What I hadn’t expected to find jumped me. Play It Again, Sam! was open next door to the grocery. Almost jubilant, I hurried to their used glove section. Because this Sunday, weather permitting, will be the first practice for my softball team, I needed to get a glove I had to have to play.
They had dozens. Only one, old and pliable black leather with red ribbing, fit. Unlike the almost new $75 glove, the one I bought was a steal at $7.98. I felt like a kid ready for Little League tryouts.
Jubilant, I drove home with bags full of essentials.
Messages were waiting for me there. One from my younger daughter, a clarification and a correction I needed to make. I responded with hugs and a promise to do better.
That said, I opened a message from Tim on Long Island about an LTV event he wanted to schedule for Poetry Month. Poets were needed; but the show was local. I suspected that my drawl would have disqualified me even if I applied using my partner’s New York address.

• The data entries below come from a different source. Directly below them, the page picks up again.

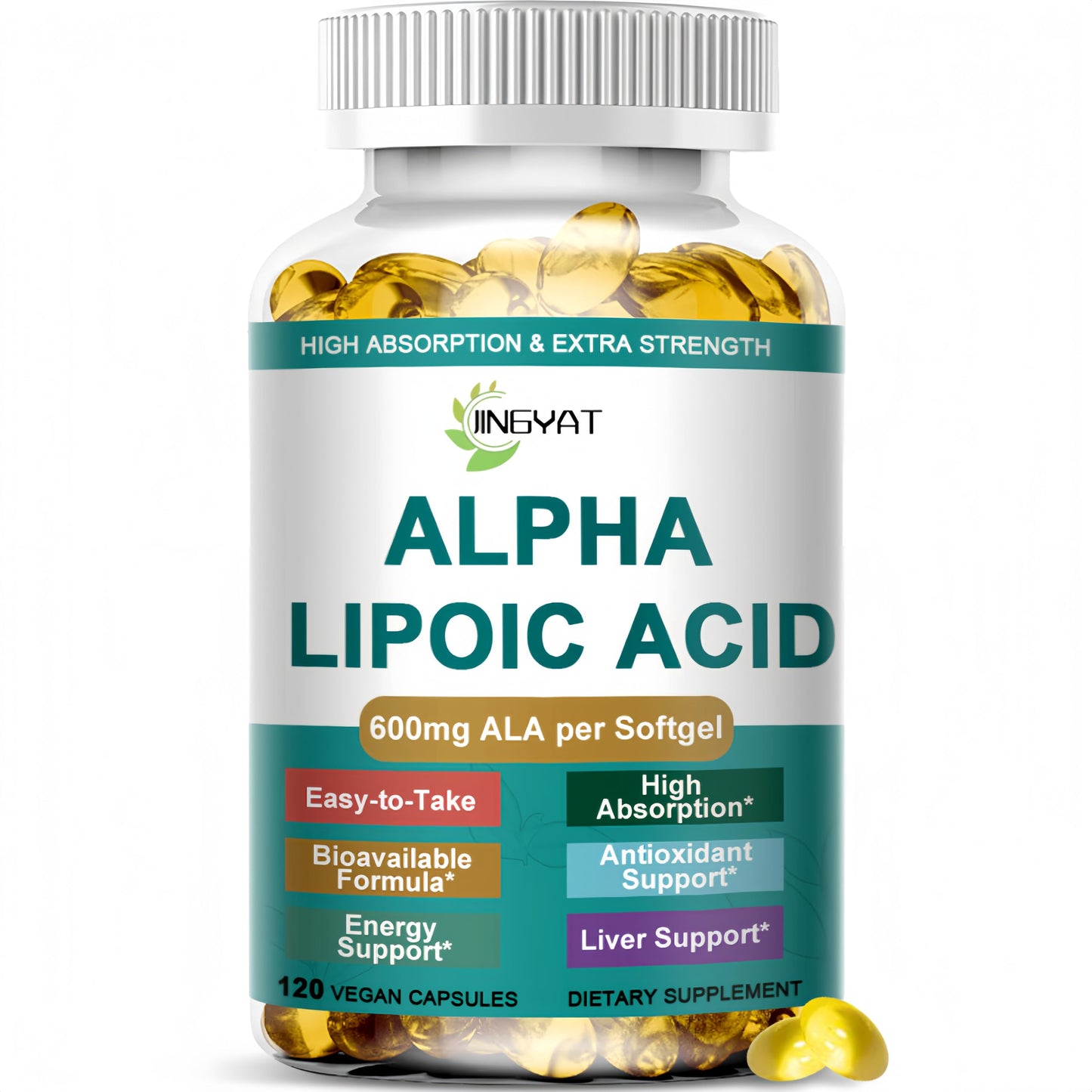 JINGYAT Alpha Lipoic Acid 600mg Softgels, 120 Count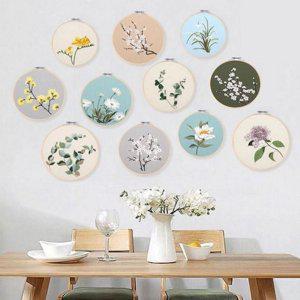 패키지 키트 프랑스 자수틀 꽃 자수 초보자 diy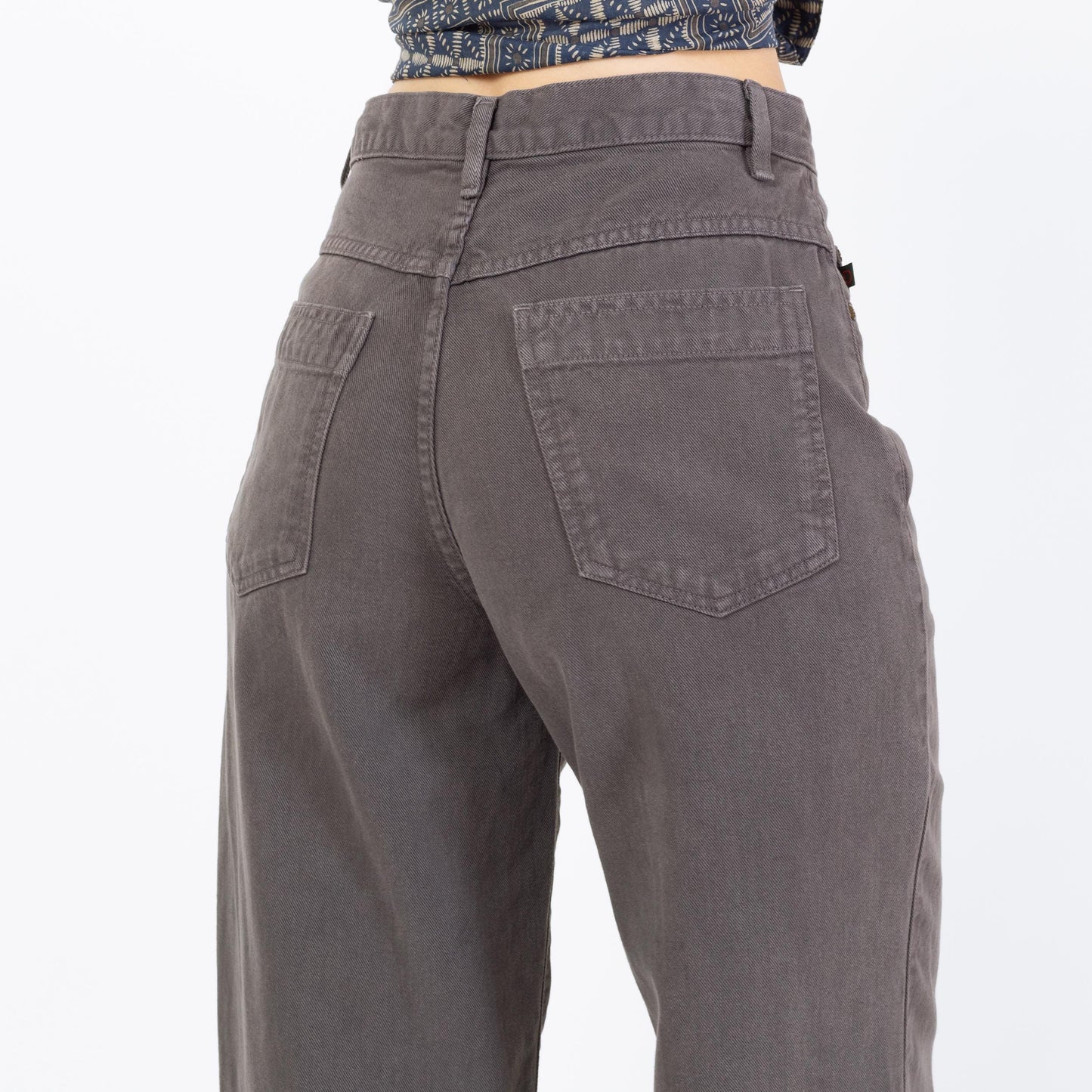 Vintage Y2K Grey Straight Leg Loose Fit Jeans - Small, 27" Waist | Vintage High Waisted Denim Cropped Ankle Jeans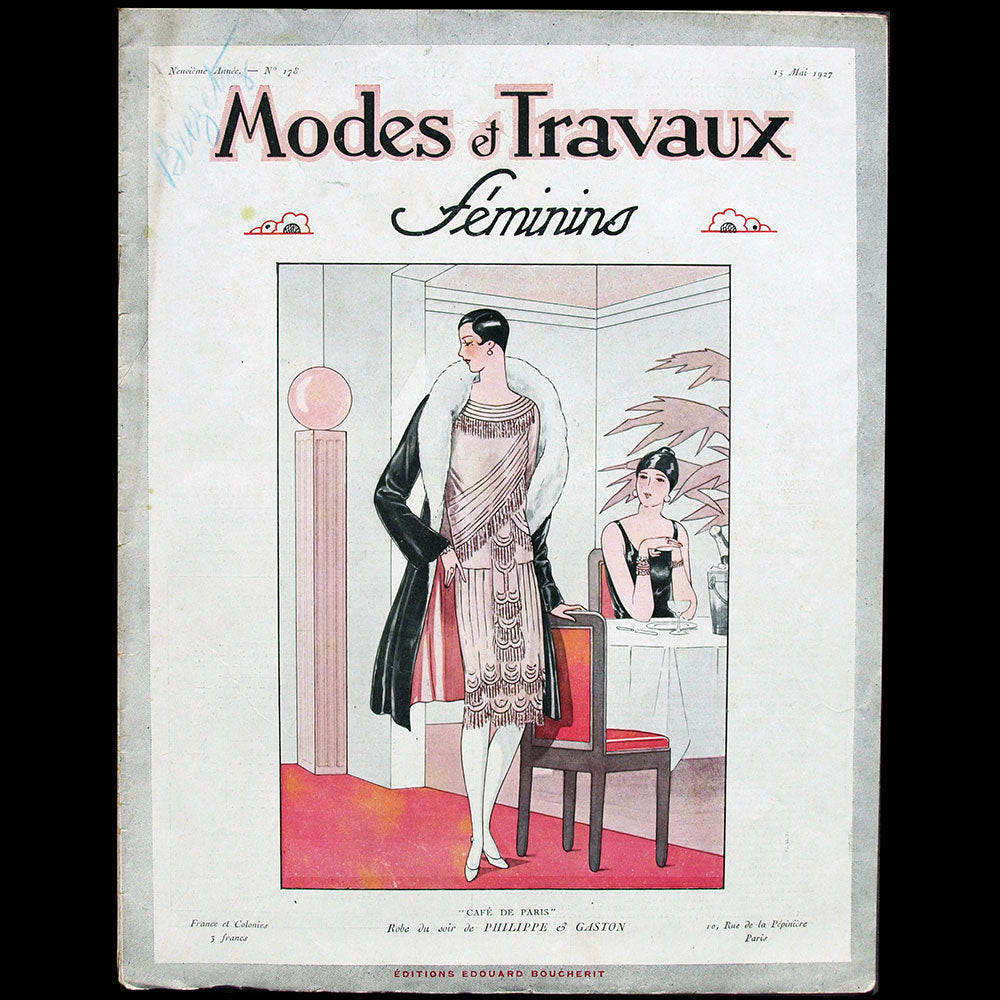 Modes et Travaux, 15 mai 1927, couverture de BES d'un modèle de Philippe & Gaston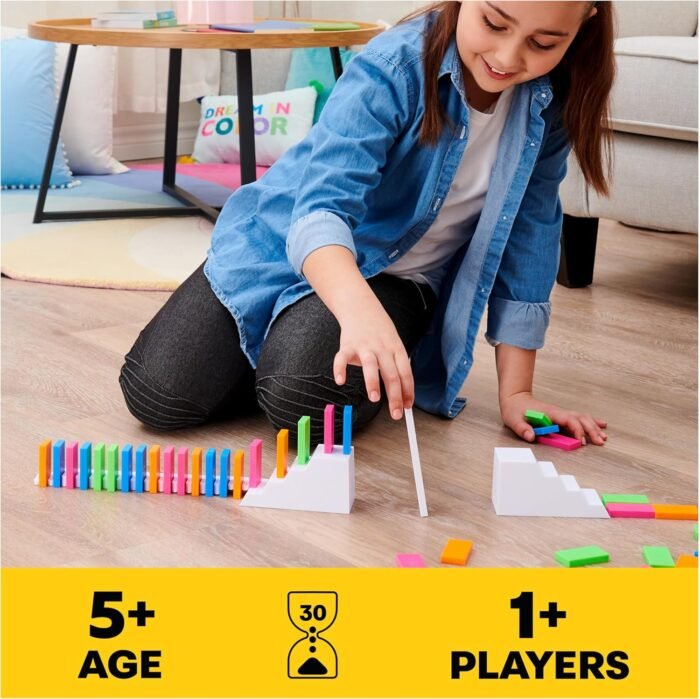 Spin Master Games, Lily Hevesh H5 Domino Creations 100-Piece Neon Dominoes Set, Kids Games, Building Toys, Christmas Gifts for Kids, for Ages 5+ - Image 2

Still, I was glad to read about the planning of an event that would compliment those of the American Academy of Poets [please see Poets.org]. There would be lots to do and listen to even if I wouldn’t be able to read.
That was important to me, especially now as I design a course I’m to teach this summer at the Community College. Although it’s called English 217, I’ll be teaching about how to write poetry. Only five weeks long, my course will be a challenge to create in many ways.
I’d been asked to name a book for my class. Until I’d received Tim’s message, I wasn’t sure what it would be. For a five week course, I knew any book I assigned would have to be short and insightful, concise and relevant---a lot to ask of any text.
Thanks to Tim sent, I found it. On the American Academy’s site was this announcement:
Inspired by Letters to a Young Poet, the collection of Rainer Maria Rilke's written exchange with an aspiring poet, this April, we are inviting students to engage with poetry by handwriting letters to the acclaimed poets who serve on the Academy's Board of Chancellors.
Rilke’s book, ten letters long, offers more to any fledgling poet than almost any other I had considered. Because I regard any poet at any age (or stage) to be fledgling, I rejoiced at the thought of using Letters To A Young Poet.
An end had come to another good day. I slipped into my new glove, pounded my softball into it, and tried to picture myself trotting on to the field for Sunday’s first practice.
Although my team is part of a 65 and older league, I felt like a kid ready for vie for a spot on the first team roster. Rilke might have sensed a poem in the making were he to see me when I approach the pitcher’s mound.